What is needed: Set down, please, exactly the lines below that run from the line with "Milwaukee M18 FUEL" to the line with "Skoda Kamik 2021, фото 13", both lines included.

Given records:
Content starts
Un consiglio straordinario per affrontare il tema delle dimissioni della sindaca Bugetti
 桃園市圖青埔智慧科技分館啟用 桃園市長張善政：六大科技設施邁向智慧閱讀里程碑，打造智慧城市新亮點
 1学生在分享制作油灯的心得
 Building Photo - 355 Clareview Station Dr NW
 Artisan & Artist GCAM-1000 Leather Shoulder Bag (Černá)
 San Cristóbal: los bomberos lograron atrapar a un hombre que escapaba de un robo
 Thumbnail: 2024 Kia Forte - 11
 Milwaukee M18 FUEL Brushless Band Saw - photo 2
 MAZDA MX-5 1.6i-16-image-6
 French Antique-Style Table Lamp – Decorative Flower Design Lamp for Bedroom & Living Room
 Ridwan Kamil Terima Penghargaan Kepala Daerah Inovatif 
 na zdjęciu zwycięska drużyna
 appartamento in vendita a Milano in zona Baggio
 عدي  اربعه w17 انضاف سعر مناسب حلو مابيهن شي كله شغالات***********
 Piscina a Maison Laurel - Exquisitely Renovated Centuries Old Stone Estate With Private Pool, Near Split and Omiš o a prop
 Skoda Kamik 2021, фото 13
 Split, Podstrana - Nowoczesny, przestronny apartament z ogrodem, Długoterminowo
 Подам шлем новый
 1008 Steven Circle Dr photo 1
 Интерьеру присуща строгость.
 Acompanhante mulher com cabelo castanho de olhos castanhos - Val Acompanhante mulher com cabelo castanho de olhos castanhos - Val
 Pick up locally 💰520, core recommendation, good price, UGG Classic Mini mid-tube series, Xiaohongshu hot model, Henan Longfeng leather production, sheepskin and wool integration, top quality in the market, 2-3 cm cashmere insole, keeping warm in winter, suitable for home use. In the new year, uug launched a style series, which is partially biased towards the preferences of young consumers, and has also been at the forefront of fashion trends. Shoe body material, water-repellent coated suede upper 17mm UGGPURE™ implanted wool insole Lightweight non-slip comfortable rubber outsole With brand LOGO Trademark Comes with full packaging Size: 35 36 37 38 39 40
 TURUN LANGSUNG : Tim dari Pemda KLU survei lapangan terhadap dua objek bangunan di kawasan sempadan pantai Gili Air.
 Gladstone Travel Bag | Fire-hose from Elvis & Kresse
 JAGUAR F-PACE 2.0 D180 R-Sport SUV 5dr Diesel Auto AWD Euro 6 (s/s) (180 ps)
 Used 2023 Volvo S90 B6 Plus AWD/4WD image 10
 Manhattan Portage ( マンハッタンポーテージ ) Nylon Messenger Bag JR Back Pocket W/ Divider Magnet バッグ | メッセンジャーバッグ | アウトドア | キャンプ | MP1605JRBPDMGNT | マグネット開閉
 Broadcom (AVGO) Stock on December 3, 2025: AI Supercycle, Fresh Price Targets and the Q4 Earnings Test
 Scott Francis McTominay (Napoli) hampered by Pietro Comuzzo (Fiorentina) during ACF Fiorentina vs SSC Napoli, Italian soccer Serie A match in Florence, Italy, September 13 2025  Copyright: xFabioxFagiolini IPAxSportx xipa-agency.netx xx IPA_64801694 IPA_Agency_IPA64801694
Content ends
Exercise answer:
 Milwaukee M18 FUEL Brushless Band Saw - photo 2
 MAZDA MX-5 1.6i-16-image-6
 French Antique-Style Table Lamp – Decorative Flower Design Lamp for Bedroom & Living Room
 Ridwan Kamil Terima Penghargaan Kepala Daerah Inovatif 
 na zdjęciu zwycięska drużyna
 appartamento in vendita a Milano in zona Baggio
 عدي  اربعه w17 انضاف سعر مناسب حلو مابيهن شي كله شغالات***********
 Piscina a Maison Laurel - Exquisitely Renovated Centuries Old Stone Estate With Private Pool, Near Split and Omiš o a prop
 Skoda Kamik 2021, фото 13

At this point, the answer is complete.